--- PROBLEM STATEMENT ---
Exact copy required. Repeat the records, but keep the pictures out.

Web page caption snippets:
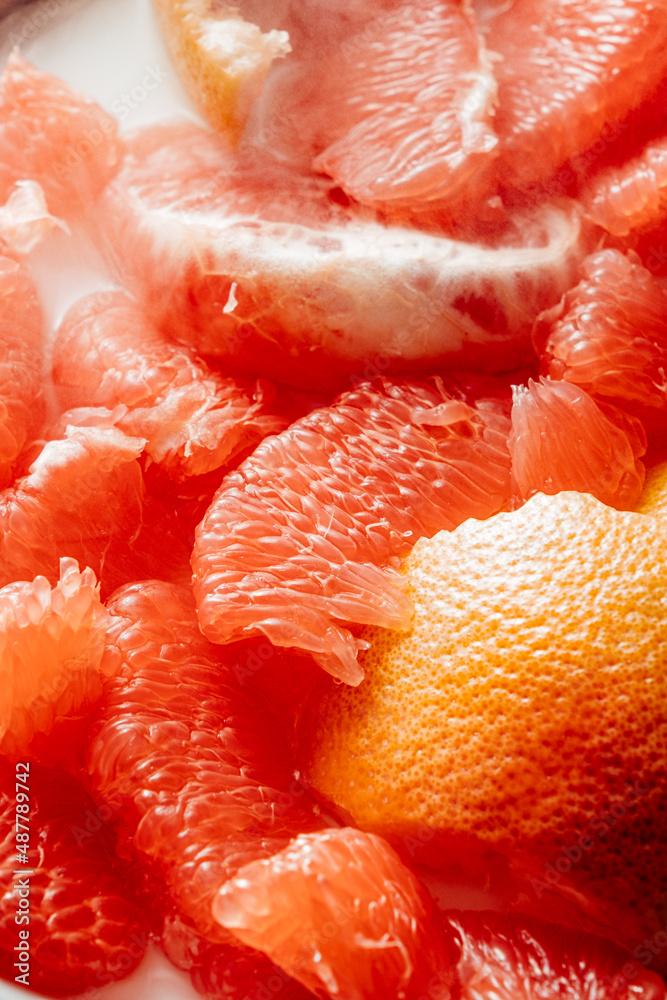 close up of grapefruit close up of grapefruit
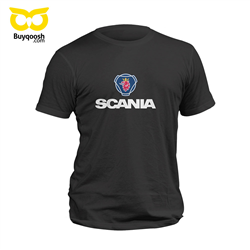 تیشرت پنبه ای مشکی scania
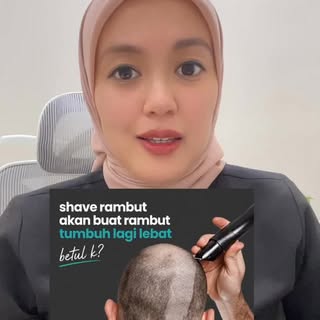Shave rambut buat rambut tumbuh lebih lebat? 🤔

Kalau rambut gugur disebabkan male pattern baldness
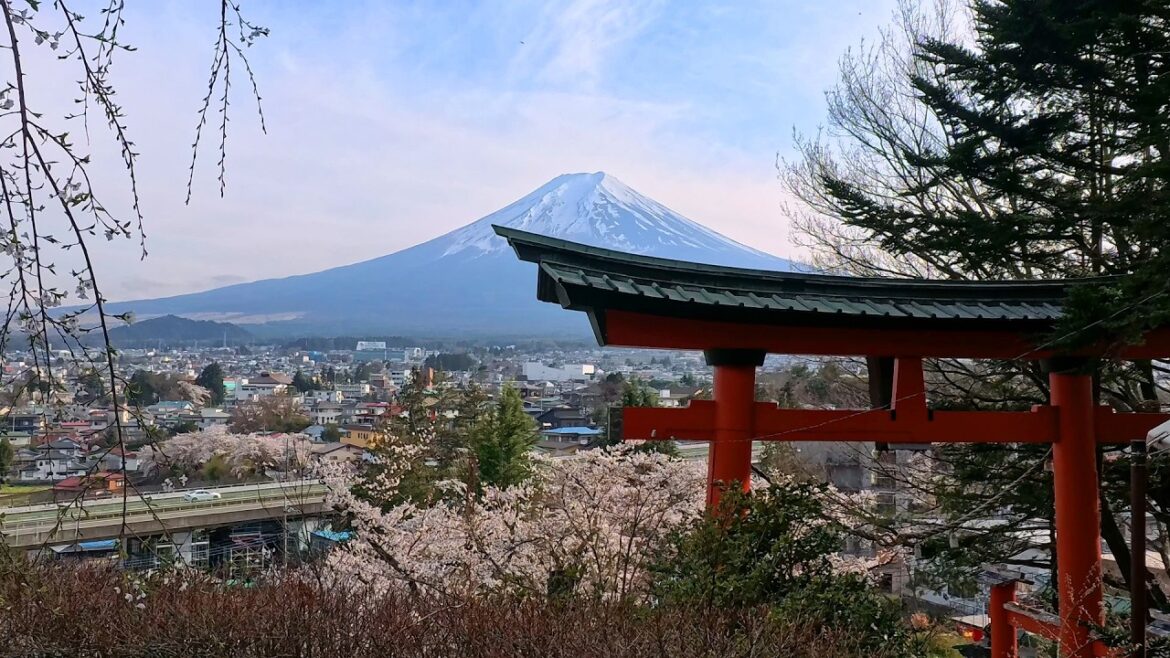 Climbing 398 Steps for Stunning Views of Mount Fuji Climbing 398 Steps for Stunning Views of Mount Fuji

--- TASK RESPONSE ---
 close up of grapefruit close up of grapefruit
 تیشرت پنبه ای مشکی scania
Shave rambut buat rambut tumbuh lebih lebat? 🤔

Kalau rambut gugur disebabkan male pattern baldness
 Climbing 398 Steps for Stunning Views of Mount Fuji Climbing 398 Steps for Stunning Views of Mount Fuji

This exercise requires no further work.